Johannesburg - Taking out an insurance policy to protect a business from cyber breaches is an increasing trend in South Africa, according to an expert.
In the aftermath of a cyber breach, a business can be left hanging with costs such as restoring data, conducting forensic auditing, setting up external call centres, dealing with the loss of business income, employing a public relations consultancy as well as any notification expenses.
Fines associated with cyber breaches can also be astronomical. According to South Africa’s Protection of Personal Information (Popi) Act, custodians of breached data face a R10m fine or up to ten years in prison.
And policies exist in SA to cover these mishaps, says Candice Sutherland - a Business Development Consultant (Corporate Solutions) at SHA, Santam Specialist Underwriting Manager Agents (UMA).
"In 2014 we saw an increase of over 3000%, in just quote requests,” Sutherland told Fin24.
"So a lot of people are just doing an exploratory kind of look into how much this is going to cost to me, because they assume that the cost is going to be really, really high.
"And the reality is it's not,” said Sutherland.

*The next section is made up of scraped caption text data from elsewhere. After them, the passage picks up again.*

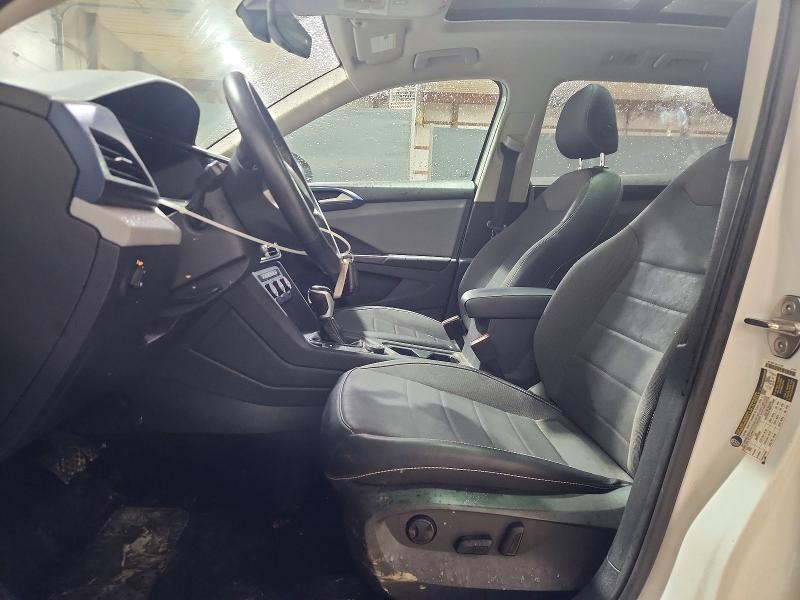 51424596 :رقم المزاد ، 3VVPX7B21NM088774 vin ، 2022 Volkswagen Taos مزاد بيع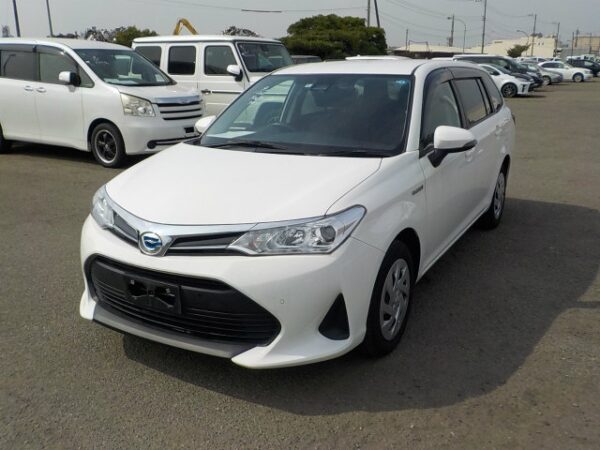 Toyota Fielder 2020 Hybrid - Image 3
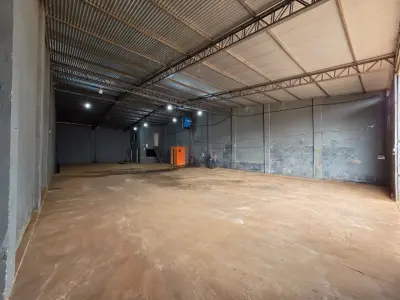 Depósito de 393 m² para alugar em Ciudad del Este 2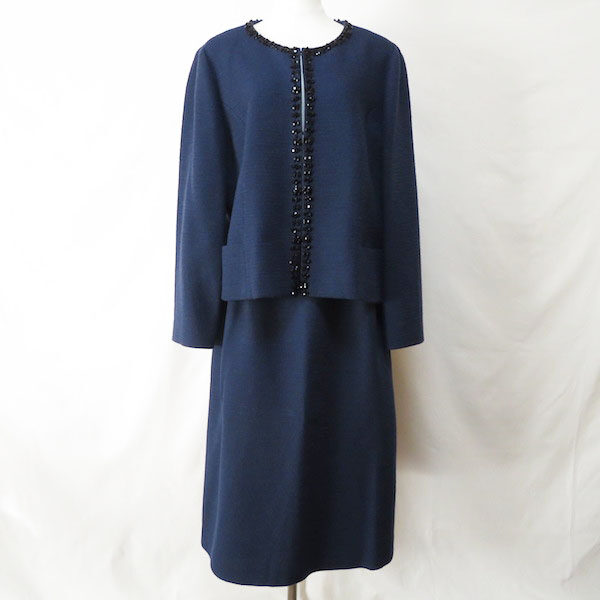 レリアンのスカートスーツを買取しました｜しっとり女性を目指すならこの1着！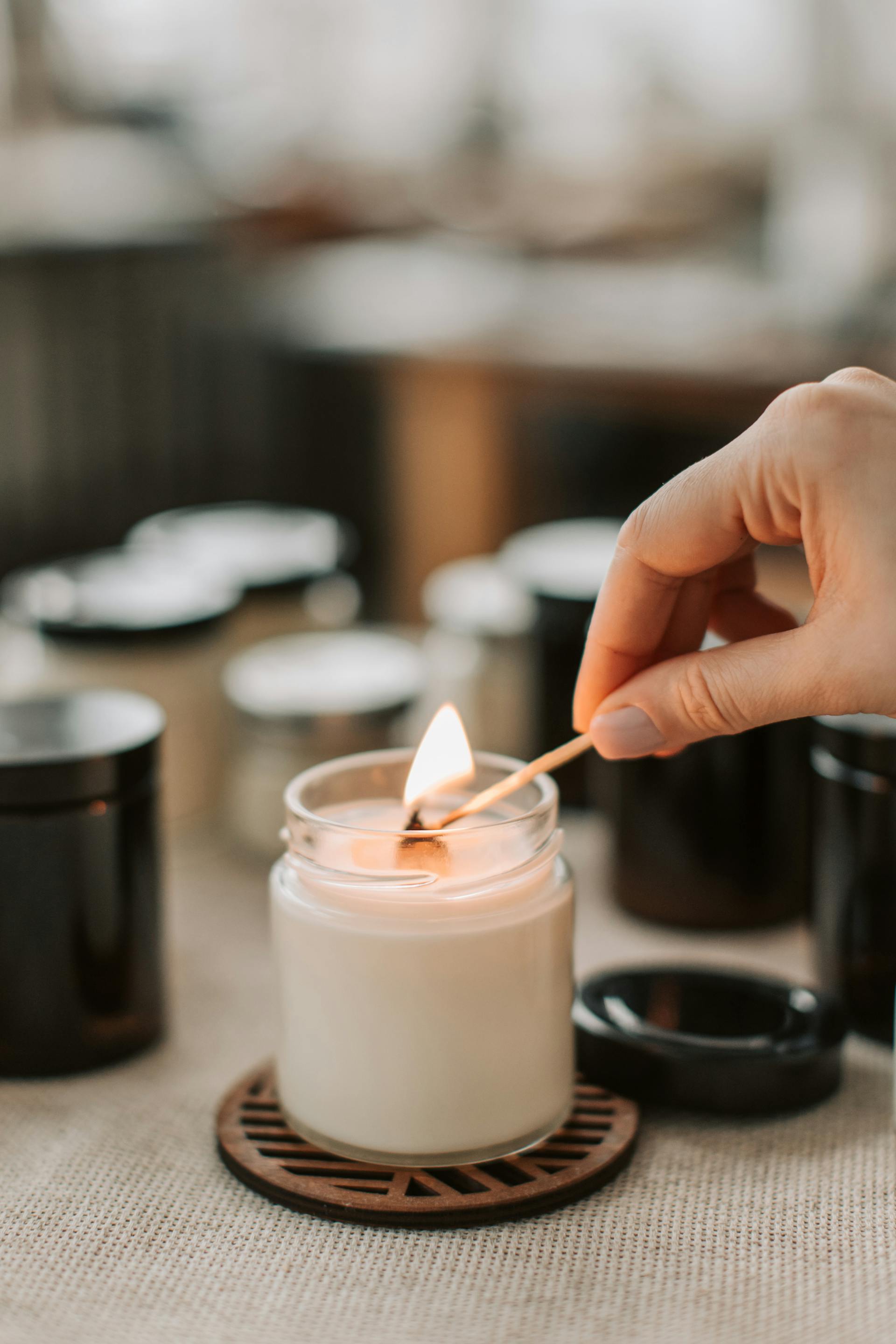 Gros plan sur une femme qui allume une bougie | Source : Pexels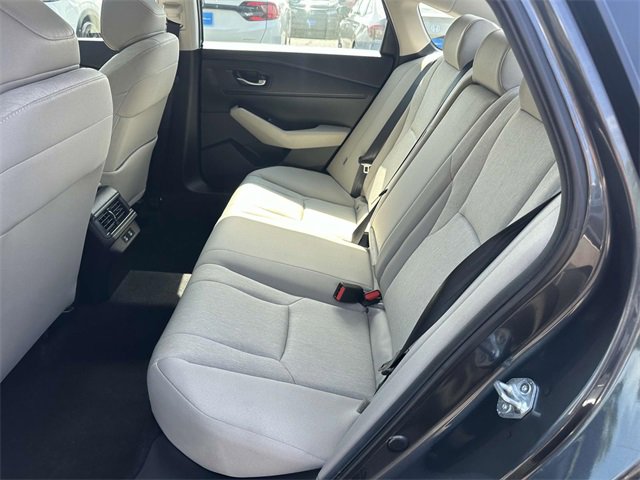 Used 2025 Honda Accord SE image 11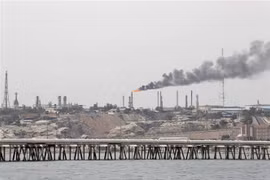 Một cơ sở khai thác dầu của Iran ở đảo Khark, ngoài khơi vùng Vịnh. (Ảnh: AFP/TTXVN)
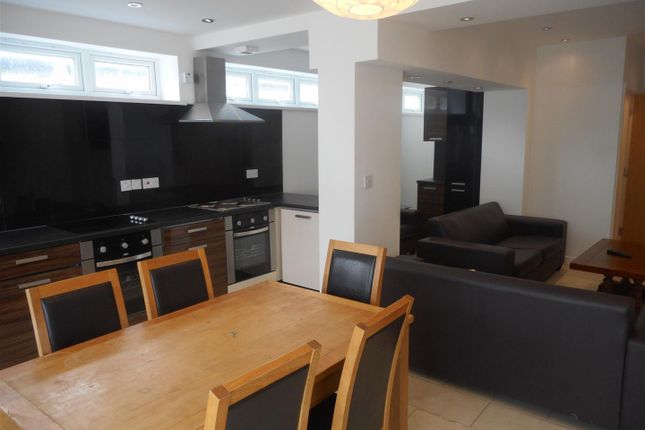 92A, Woodville Road, Cardiff photo 3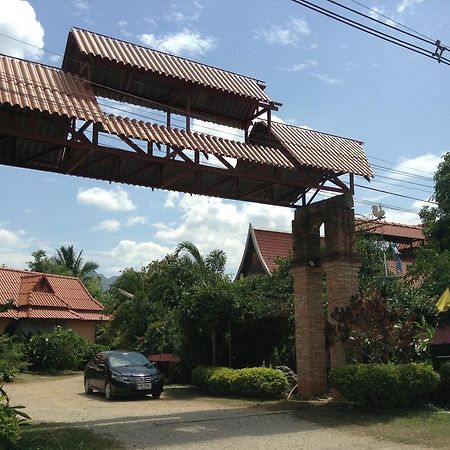 Bansuan Resort Mae Sai Exterior photo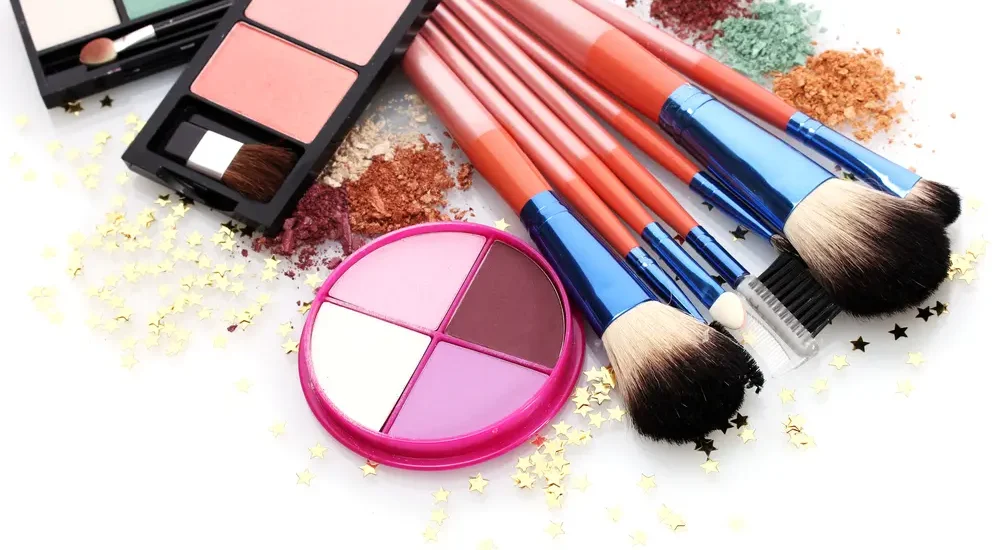 Colour Cosmetics Market.jpg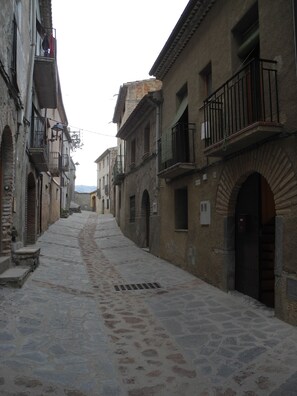 Exterior - Maissonette with light, great room layout, ideal for remote working GLASFASER (Torroja del Priorat)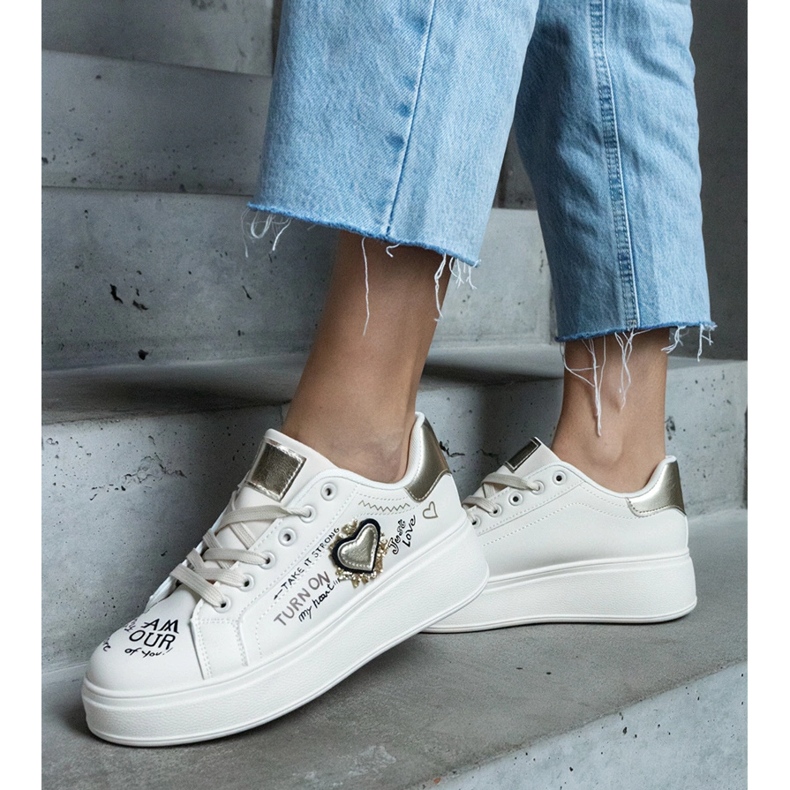 Beiget lenkkarit, joissa on merkintä ja merkinnät Etara-alustalla 1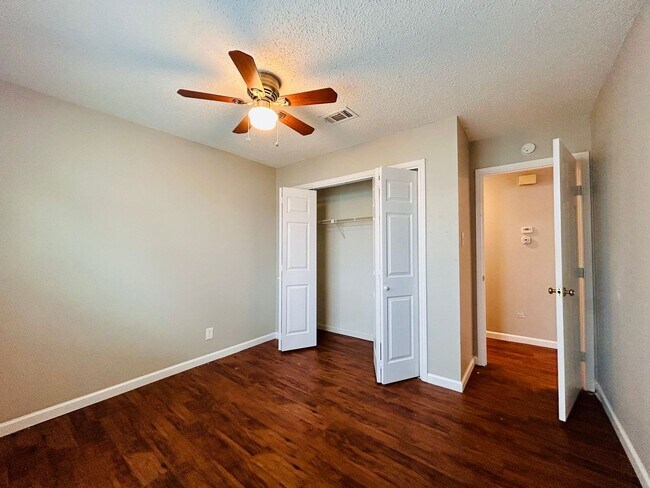 Building Photo - 9221 Kempler Dr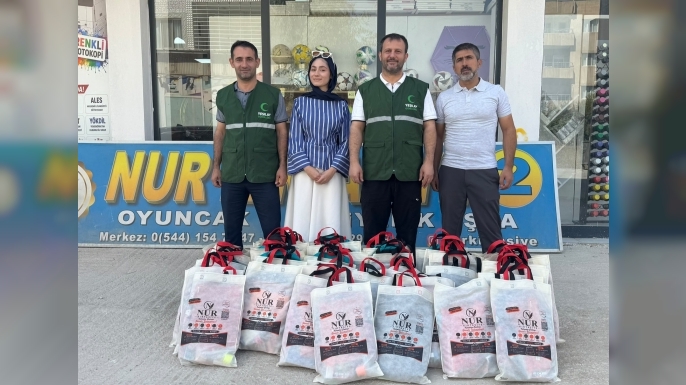 Yeşilay Nusaybin'den öğrencilerin yüzünü güldüren anlamlı destek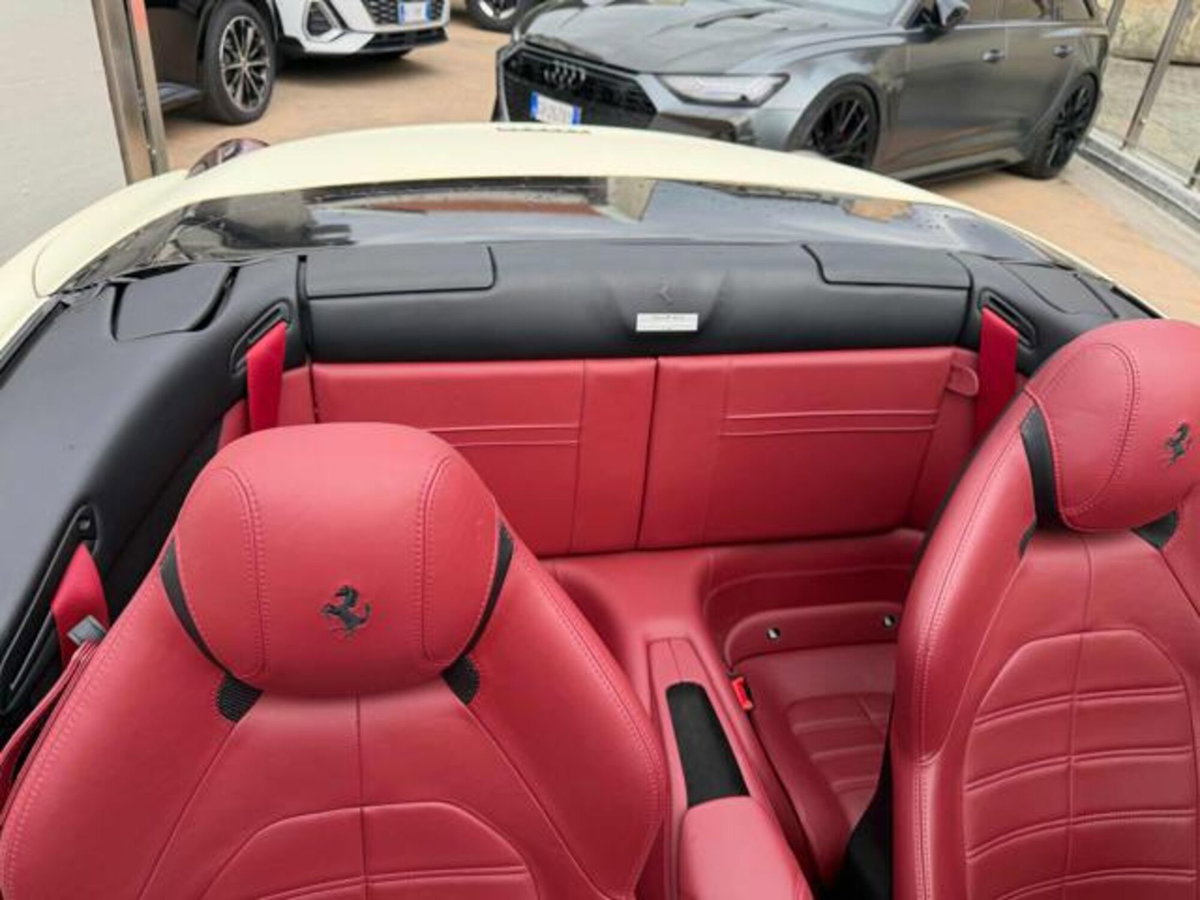 Ferrari California Spider California T DCT (10)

Listen to Fin24 technology editor Gareth van Zyl interview Candice Sutherland:
SA's surging cyber crime
Cyber crime is a growing problem in South Africa as it cost local companies R5.8bn in 2014, according to anti-virus software firm McAfee.
Furthermore, on average it takes 200 days for a South African organisation to identify an online security breach while 84% of South African adults have been victims of cyber crime, according to insurance firm Santam.
Sutherland told Fin24 that cyber criminals are steps ahead of their victims.
These fraudsters can, for example, install software that lies dormant on a work computer and then it learns to bypass anti-virus measures on that device.
"And then when it launches itself, the antivirus doesn't pick it up, and there have been cases of people who have been breached for six years and still not even know about it,” Sutherland said.
Motivations for cyber breaches are numerous, but Sutherland said they fall into four broad categories.
"The number one cause of a breach is a disgruntled employee, number two is negligence, number three is competitors and only number four is hacking,” Sutherland said.
Sutherland said she knows of three companies offering cyber policies in SA and she advises businesses to start small in terms of cover.
"The best idea is to start off with a small limit now and at least you have something, so that if a breach happens,” Sutherland said.